■ Work instruction ■
The answer must consist solely of the lines below starting at the one containing "seamless pattern with game icons" and ending at the one containing "Sapphire Lined Button", repeated exactly, with both ends included and all pictures omitted.

■ Provided entries ■
_ _ _ _ _

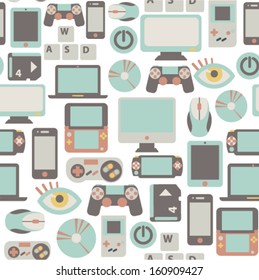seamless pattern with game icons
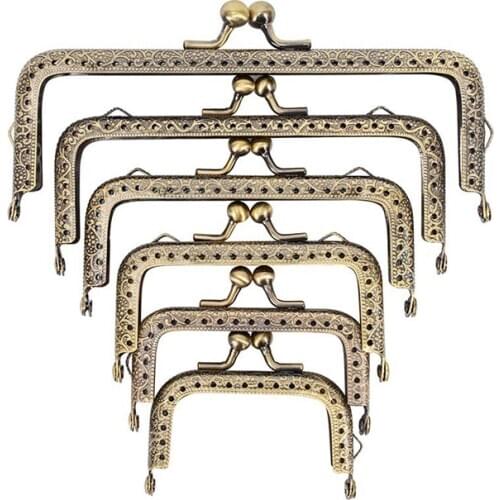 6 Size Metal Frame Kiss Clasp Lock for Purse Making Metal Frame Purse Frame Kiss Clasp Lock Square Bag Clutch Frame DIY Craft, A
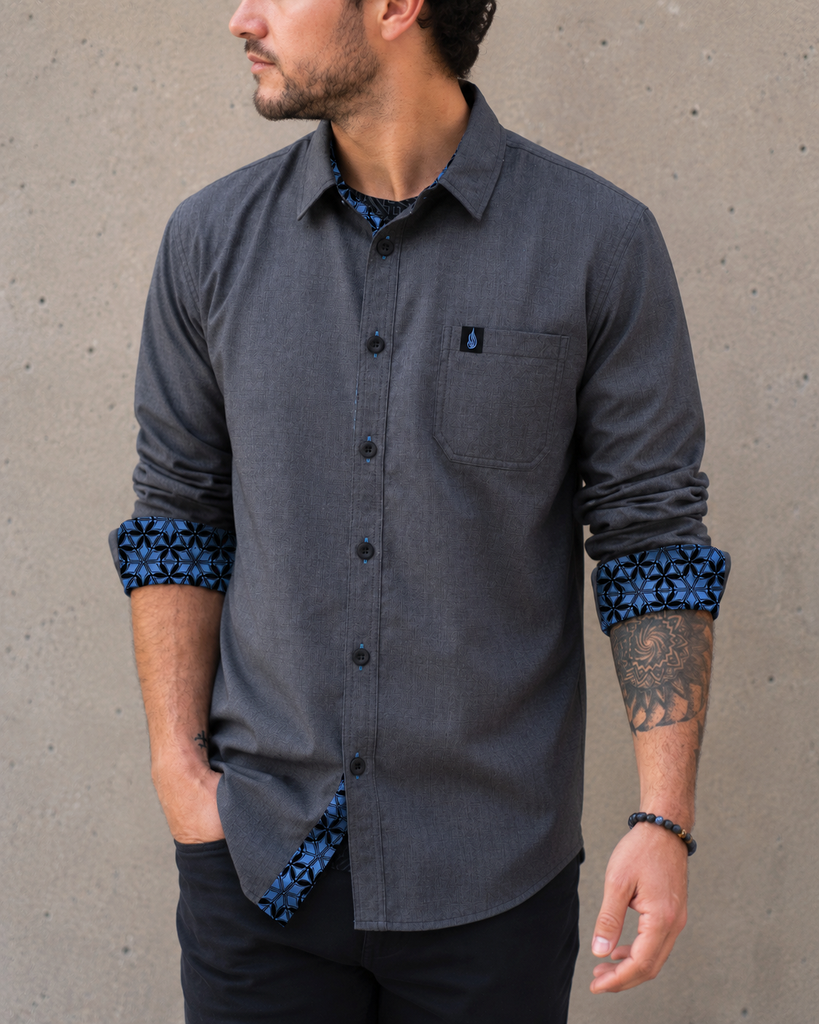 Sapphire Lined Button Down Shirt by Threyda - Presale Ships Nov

_ _ _ _ _

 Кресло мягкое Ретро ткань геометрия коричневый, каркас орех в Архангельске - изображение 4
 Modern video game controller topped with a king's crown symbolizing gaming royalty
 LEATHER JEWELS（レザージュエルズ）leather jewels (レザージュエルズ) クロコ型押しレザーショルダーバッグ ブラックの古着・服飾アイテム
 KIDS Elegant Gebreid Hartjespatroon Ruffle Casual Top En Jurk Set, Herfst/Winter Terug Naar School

_ _ _ _ _

■ Solution to the exercise ■
seamless pattern with game icons
 6 Size Metal Frame Kiss Clasp Lock for Purse Making Metal Frame Purse Frame Kiss Clasp Lock Square Bag Clutch Frame DIY Craft, A
 Sapphire Lined Button Down Shirt by Threyda - Presale Ships Nov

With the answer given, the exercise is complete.